Serikat pekerja menolak kenaikan harga BBM yang direncanakan pemerintah. Presiden Konfederasi Serikat Pekerja Indonesia (KSPI), Said Ikbal, dengan dicabutnya subsidi BBM, harganya akan naik dan menggerus daya beli pekerja. Menurutnya, pemerintah akan menaikan harga BBM bersubsidi sebesar Rp2 ribu per liter. Dengan besaran tersebut, Ikbal memperkirakan daya beli pekerja akan turun 30 persen dan inflasi bakal menyentuh dua digit. Pasalnya, kenaikan itu memberi dampak terhadap kenaikan harga barang kebutuhan lainnya seperti ongkos sewa rumah, transportasi, dan bahan makanan.

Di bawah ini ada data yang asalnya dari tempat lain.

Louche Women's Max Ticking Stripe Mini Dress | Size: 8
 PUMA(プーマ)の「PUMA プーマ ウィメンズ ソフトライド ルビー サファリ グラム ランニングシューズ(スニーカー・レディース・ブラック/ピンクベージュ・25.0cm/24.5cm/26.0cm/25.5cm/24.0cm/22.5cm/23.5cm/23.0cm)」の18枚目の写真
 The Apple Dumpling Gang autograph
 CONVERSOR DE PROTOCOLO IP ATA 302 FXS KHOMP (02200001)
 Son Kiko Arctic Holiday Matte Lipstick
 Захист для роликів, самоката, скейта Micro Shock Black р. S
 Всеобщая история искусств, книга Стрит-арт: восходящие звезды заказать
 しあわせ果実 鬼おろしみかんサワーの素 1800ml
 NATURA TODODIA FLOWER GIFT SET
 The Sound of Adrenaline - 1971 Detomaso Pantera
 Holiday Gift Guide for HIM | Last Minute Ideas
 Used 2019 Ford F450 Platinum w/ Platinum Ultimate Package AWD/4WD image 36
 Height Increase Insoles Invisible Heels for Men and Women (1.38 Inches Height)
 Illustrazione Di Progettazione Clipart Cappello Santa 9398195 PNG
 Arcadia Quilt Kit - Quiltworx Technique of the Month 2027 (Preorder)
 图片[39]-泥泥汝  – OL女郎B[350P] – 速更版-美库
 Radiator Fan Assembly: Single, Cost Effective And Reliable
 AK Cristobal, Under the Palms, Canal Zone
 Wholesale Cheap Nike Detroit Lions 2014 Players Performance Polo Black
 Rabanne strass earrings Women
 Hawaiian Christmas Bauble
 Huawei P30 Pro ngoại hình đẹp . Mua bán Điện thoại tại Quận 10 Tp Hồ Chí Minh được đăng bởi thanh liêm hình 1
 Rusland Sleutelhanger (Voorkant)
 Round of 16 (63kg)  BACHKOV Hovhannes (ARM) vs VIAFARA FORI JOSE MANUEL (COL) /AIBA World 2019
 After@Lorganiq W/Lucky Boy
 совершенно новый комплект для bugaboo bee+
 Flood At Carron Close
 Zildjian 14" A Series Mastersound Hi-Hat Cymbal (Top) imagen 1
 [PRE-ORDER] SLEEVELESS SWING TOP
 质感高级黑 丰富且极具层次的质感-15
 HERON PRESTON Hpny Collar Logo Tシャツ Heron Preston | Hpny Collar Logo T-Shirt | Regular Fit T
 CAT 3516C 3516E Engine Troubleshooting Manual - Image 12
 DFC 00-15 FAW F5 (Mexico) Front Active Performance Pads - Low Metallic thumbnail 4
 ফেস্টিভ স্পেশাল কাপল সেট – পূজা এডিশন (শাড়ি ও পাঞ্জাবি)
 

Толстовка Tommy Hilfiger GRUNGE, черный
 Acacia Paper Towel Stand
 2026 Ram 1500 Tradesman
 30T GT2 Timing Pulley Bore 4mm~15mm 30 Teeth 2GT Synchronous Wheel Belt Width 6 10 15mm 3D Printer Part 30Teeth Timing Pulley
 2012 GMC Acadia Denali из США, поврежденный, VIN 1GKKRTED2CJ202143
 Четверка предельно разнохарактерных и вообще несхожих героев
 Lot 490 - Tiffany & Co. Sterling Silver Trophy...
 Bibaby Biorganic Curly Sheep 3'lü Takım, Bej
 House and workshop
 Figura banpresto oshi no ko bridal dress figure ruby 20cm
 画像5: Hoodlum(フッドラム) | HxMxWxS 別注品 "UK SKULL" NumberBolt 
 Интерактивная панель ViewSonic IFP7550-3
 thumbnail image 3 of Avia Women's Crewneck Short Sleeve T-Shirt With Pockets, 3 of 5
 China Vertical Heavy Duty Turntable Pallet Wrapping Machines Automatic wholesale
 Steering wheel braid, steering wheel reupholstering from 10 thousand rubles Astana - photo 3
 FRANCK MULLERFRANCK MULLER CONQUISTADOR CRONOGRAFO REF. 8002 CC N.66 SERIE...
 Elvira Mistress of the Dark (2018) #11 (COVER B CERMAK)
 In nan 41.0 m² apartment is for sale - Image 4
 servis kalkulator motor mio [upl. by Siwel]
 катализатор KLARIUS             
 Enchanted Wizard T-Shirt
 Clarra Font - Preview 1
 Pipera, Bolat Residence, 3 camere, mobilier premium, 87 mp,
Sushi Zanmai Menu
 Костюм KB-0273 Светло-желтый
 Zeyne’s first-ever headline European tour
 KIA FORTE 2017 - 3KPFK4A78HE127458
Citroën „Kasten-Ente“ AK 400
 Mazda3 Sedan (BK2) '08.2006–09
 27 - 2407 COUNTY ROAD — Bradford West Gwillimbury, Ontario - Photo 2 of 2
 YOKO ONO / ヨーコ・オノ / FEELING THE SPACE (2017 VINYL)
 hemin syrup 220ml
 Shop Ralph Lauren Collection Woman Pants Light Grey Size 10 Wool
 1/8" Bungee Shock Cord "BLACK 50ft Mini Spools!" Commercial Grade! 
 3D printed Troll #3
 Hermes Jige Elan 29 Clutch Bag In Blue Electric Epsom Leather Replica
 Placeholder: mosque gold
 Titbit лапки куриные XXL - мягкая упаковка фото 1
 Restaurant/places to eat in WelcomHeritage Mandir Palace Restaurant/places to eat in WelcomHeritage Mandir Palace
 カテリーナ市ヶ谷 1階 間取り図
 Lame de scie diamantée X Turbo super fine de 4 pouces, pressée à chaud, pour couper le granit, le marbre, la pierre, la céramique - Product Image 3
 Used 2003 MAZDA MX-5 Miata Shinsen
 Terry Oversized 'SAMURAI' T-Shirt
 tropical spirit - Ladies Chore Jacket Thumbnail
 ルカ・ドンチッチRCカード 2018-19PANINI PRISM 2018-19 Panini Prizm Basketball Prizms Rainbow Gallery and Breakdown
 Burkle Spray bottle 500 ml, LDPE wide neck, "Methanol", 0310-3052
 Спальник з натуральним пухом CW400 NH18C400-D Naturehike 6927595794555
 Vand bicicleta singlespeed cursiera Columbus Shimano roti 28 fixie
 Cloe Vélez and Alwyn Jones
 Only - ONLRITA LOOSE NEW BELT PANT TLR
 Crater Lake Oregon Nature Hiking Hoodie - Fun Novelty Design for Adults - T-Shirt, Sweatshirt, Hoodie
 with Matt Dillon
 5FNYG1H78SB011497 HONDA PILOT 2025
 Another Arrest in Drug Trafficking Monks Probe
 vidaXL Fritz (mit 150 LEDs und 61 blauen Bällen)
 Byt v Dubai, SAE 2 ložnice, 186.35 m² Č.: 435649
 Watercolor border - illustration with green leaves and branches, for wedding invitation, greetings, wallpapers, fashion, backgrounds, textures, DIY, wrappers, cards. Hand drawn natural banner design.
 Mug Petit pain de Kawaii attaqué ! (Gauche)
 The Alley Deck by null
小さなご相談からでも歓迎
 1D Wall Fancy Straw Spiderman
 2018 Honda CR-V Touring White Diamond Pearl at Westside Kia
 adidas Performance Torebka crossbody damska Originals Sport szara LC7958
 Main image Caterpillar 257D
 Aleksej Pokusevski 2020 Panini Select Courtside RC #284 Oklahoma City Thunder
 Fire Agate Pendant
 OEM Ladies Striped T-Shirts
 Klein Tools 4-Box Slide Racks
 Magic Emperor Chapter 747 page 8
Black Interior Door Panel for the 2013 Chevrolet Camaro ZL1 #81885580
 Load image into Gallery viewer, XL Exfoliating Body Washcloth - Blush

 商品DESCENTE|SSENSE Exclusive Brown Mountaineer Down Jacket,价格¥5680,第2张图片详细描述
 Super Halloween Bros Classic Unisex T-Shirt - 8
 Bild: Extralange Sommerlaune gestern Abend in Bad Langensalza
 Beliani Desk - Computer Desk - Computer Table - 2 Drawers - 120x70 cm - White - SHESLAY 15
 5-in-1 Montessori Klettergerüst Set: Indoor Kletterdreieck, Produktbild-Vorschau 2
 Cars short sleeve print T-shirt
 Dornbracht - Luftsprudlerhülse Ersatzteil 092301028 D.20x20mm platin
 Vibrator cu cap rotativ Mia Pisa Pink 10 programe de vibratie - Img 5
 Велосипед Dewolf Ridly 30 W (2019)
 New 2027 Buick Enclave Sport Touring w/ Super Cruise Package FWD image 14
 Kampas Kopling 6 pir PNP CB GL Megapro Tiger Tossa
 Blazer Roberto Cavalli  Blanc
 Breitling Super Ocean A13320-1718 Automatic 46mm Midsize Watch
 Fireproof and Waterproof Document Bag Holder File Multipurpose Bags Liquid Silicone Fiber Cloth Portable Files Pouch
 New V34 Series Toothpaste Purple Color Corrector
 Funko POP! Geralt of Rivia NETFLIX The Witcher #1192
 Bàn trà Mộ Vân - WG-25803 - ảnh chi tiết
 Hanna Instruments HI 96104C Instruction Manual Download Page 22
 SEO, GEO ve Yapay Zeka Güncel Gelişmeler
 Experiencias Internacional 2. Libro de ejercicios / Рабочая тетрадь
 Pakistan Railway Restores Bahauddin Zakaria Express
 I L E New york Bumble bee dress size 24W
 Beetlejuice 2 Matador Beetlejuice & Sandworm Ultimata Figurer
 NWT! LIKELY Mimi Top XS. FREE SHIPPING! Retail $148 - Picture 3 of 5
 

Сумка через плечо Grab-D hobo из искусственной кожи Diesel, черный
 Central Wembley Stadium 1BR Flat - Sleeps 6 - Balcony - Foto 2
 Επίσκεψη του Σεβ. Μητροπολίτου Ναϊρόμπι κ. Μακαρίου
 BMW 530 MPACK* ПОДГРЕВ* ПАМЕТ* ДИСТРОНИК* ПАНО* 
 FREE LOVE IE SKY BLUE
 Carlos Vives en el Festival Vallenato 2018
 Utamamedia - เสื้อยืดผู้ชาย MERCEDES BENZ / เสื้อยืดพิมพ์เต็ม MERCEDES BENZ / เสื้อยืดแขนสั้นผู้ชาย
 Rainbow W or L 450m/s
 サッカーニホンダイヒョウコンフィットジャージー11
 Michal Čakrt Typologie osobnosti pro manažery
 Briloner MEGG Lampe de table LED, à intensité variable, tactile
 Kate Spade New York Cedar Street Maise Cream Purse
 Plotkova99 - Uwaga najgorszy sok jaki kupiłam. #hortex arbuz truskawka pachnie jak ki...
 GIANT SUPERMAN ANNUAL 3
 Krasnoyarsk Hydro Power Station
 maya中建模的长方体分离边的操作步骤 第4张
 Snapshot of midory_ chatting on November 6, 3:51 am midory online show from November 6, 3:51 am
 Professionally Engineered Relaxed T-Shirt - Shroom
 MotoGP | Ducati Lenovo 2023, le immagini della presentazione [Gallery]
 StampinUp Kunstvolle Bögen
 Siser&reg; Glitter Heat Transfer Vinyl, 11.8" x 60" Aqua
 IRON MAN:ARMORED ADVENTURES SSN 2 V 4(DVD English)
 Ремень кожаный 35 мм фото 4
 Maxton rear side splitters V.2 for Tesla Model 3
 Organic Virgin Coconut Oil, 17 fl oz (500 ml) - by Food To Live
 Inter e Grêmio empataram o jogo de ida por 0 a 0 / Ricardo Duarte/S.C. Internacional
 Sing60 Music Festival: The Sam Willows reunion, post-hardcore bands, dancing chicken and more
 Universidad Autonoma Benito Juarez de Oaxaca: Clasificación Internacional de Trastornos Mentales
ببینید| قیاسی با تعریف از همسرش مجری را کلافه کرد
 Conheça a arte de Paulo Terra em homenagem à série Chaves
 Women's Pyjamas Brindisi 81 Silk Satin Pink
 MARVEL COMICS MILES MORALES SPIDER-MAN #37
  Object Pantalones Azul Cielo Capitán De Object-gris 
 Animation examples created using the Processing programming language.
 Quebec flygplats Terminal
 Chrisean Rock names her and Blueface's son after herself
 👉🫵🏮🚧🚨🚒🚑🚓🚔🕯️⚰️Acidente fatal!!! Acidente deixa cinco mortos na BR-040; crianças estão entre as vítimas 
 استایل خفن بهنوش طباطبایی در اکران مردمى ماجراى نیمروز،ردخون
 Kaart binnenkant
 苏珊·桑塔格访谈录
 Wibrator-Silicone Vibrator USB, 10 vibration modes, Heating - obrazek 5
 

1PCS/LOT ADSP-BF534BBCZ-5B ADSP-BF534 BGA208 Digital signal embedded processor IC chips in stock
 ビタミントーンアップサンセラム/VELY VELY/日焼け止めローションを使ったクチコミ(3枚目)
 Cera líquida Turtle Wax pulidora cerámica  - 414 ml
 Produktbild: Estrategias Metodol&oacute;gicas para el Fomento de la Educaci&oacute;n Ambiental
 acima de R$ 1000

Jika dibandingkan kenaikan upah minimum tahun ini yang rata-rata sebesar 30 persen, Ikbal melanjutkan, tidak akan berarti apa-apa untuk menyejahterakan pekerja karena harga BBM ikut naik 30 persen. Sekalipun pemerintah menerbitkan kebijakan untuk menanggulangi dampak buruk kenaikan harga BBM misalnya dengan BLSM, Raskin dan lain sebagainya, bagi Ikbal hal tersebut tak bakal mampu menjaga daya beli masyarkat, khususnya pekerja.

Pasalnya, program bantuan itu ditujukan untuk rakyat miskin, bukan pekerja. Padahal, Ikbal melihat upah pekerja yang setara upah minimum atau di bawah itu berpotensi besar menjadi miskin karena naiknya barang kebutuhan hidup. “Kalau daya beli pekerja turun, siapa yang mau membantu? Makanya kita menolak kenaikan harga BBM,” katanya dalam jumpa pers di Jakarta, Kamis (13/6).

Selain itu Ikbal menyebut serikat pekerja menyoroti ketidakjelasan kebijakan pemerintah dalam menyejahterakan rakyat. Misalnya, pemerintah belum berani memberikan jaminan kesehatan (Jamkes) bagi seluruh rakyat Indonesia, padahal hal itu merupakan amanat konstitusi. Namun, menjelang pelaksanaan BPJS Kesehatan tahun depan, alih-alih mewujudkan Jamkes untuk rakyat, pemerintah berencana untuk melaksanakannya secara bertahap sampai 2019.

Mengacu belum terjaminnya hak atas kesehatan, Ikbal melihat masyarakat menengah ke bawah termasuk pekerja akan semakin terpukul dengan kenaikan harga BBM. Oleh karenanya ia mengaku bingung kemana pemerintah akan mengalokasikan anggaran subsidi BBM sekitar Rp25 triliun yang ditarik tersebut. “Jalankan dulu Jamkes untuk seluruh rakyat baru harga BBM dinaikan,” tegasnya.

Tentang program bantuan untuk mengatasi dampak kenaikan harga BBM yang diterbitkan pemerintah, Ikbal mengatakan serikat pekerja menolaknya. Pasalnya, program itu bermuatan politik karena digulirkan menjelang Pemilu 2014. Ujungnya, program tersebut hanya menguntungkan parpol tertentu. Walau pemerintah berdalih program tersebut tidak ada kaitannya dengan pemenangan Pemilu. Serta ditujukan untuk kesejahteraan atau menjaga daya beli rakyat, bagi Ikbal alasan itu retorika belaka. “Itu kebohongan besar pemerintah, orientasinya pencitraan pemenangan partai tertentu,” tukasnya.

Ikbal menilai pemerintah mampu menerbitkan kebijakan lain untuk mengatasi defisit APBN selain mencabut subsidi BBM. Misalnya, menghentikan subsidi BBM untuk PLN. Pasalnya, dari anggaran subsidi sekitar Rp200 triliun, sebanyak Rp90 triliun dialokasikan untuk subsidi BBM di PLN. Padahal, serikat pekerja sudah memperingatkan pemerintah sejak dua tahun lalu agar subsidi itu dihapus. Sehingga, untuk memproduksi listrik, PLN bisa menggunakan batu bara atau gas sebagai bahan baku. Ironisnya, usulan itu sampai sekarang tidak digubris.